No Place Like Home proposals are in – time to give the voters what they want

With a swiftness born of need, communities grappling with homelessness across California have submitted proposals to use more than all of the first $178 million tranche from Proposition 2, the “No Place Like Home” initiative voters approved last November to pay for supportive housing for mentally ill people who are homeless or at risk of becoming so.

The first 45 applications for No Place Like Home funding, coming from 20 different counties, total nearly $194 million. They range from proposals to acquire and rehabilitate a historic hotel in downtown Sacramento to building 50 new apartments in the city of Riverside. See here for more information on the applications submitted.

Awards for the first No Place Like Home projects will be announced by the California Department of Housing and Community Development in June.

And that will be just the beginning, as a total of $1.8 billion will ultimately be distributed by the state as a result of Prop. 2, which the Steinberg Institute helped foster and which got more than 6.5 million votes, more than any other initiative on the November ballot.

We all look forward to these substantial investments, which will not cost taxpayers any new money because Prop. 2 authorized the sale of bonds to be paid for using proceeds from Prop. 63, also known as the Mental Health Services Act.
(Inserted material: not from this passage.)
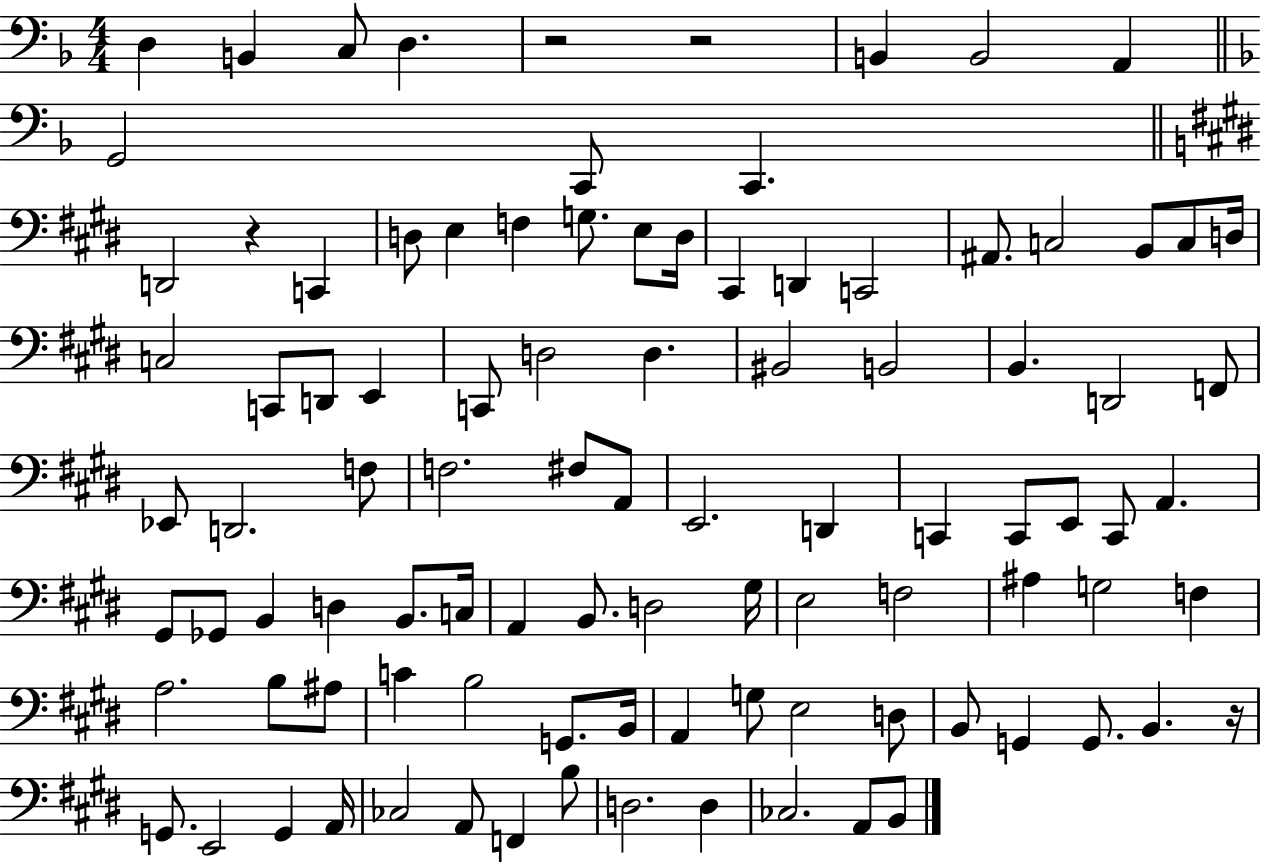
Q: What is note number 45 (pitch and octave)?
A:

That law, passed by voters in 2004, levied a 1 percent tax on incomes of more than a million dollars a year and currently raises $2.4 billion a year for mental health services. It was co-authored by Sacramento Mayor Darrell Steinberg, chairman and founder of the Steinberg Institute, which, among other things, seeks to ensure that Mental Health Services Act money is appropriately spent.

No Place Like Home bonds are helping to do just that.

While the process for awarding awarding the money goes ahead, however, the Steinberg Institute is not standing idle. Instead, we are working to streamline the building permit approval process for supportive housing projects and make it harder for not-in-my-backyard protests to bog them down.

In particular, the Steinberg Institute is sponsoring SB 744, a bill authored by Sen. Anna Caballero of Salinas that would require local governments to approve permanent supportive housing projects that meet specified state and local requirements, such as if the housing is in a county’s application for competitive funds under the No Place Like Home Program.

Time and again, voters have said they want people with mental illness to get proper care and to be housed. They understand that people who are homeless and living with mental illness are unnecessarily suffering in our streets, emergency rooms and jails, and they want it to stop.

SB 744 will help ensure that the will of the voters finally gets implemented.